A. riparia was first introduced to New South Wales as an ornamental plant in around 1875. The species was cultivated by botanical gardens in Adelaide, Melbourne, Sydney, and Brisbane in 1901. It quickly escaped from cultivation and had naturalised in Springbrook by 1930. In 1952, the species was declared a noxious weed in Australia. A. riparia poses a significant threat to native ecosystems in the mountainous regions of southern Queensland and northern New South Wales, which receive high precipitation.

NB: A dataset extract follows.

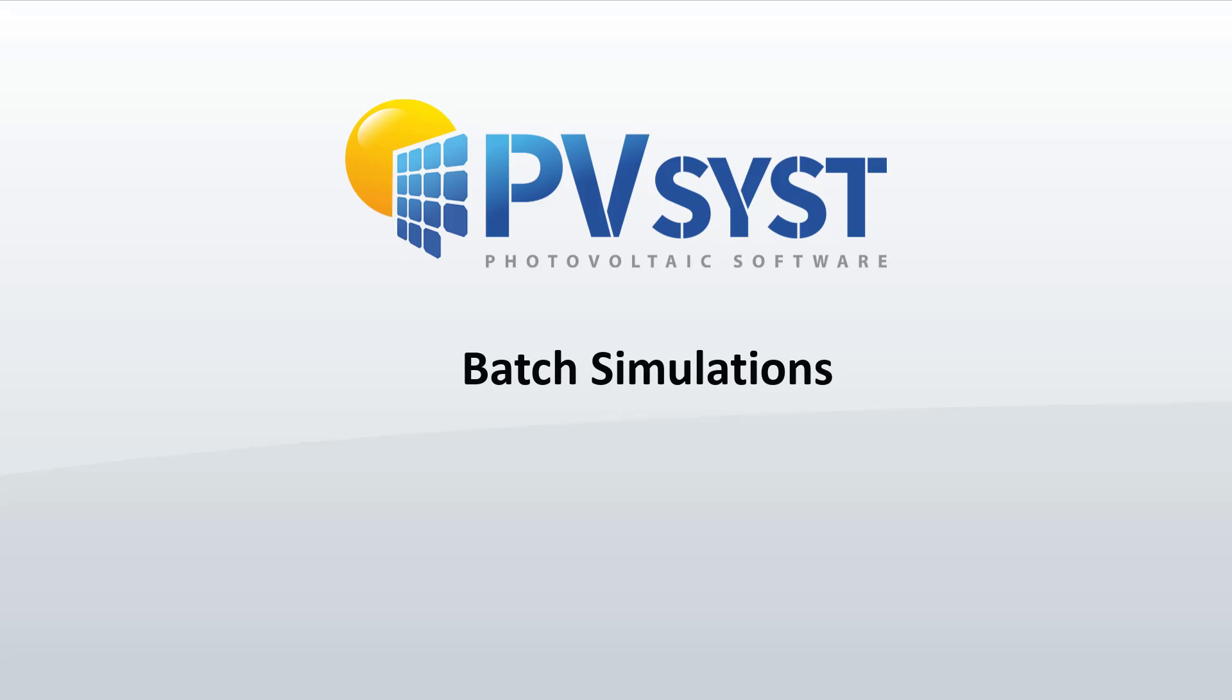In this tutorial, we will show you how to use the batch simulations and what they can be used for.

Following successful uses of E. ageratinae as a biological control agent in Hawaii and New Zealand, the species was a candidate for similar projects in Australia, but these were never implemented. Without being intentionally introduced, the fungus was identified on mistflower leaves near Lamington National Park on 21 October 2010. Further surveys found that the fungus had naturalized on the northern and central coast in New South Wales, though it had not spread to the south. The fungus was present along much of Australia's eastern coast, though largely confined to Queensland and New South Wales. Specimens have also been identified on Norfolk Island. In May 2011, further A. riparia plants in New South Wales were intentionally inoculated after host-specificity tests found the fungus was highly specific and did not pose a threat to native flora. These tests found that the pathogen only posed an additional threat to A. adenophora, which is also invasive in the region. By July 2012, the plant cover of A. riparia had decreased at tests sites in New South Wales and Queensland by an average of over 60%.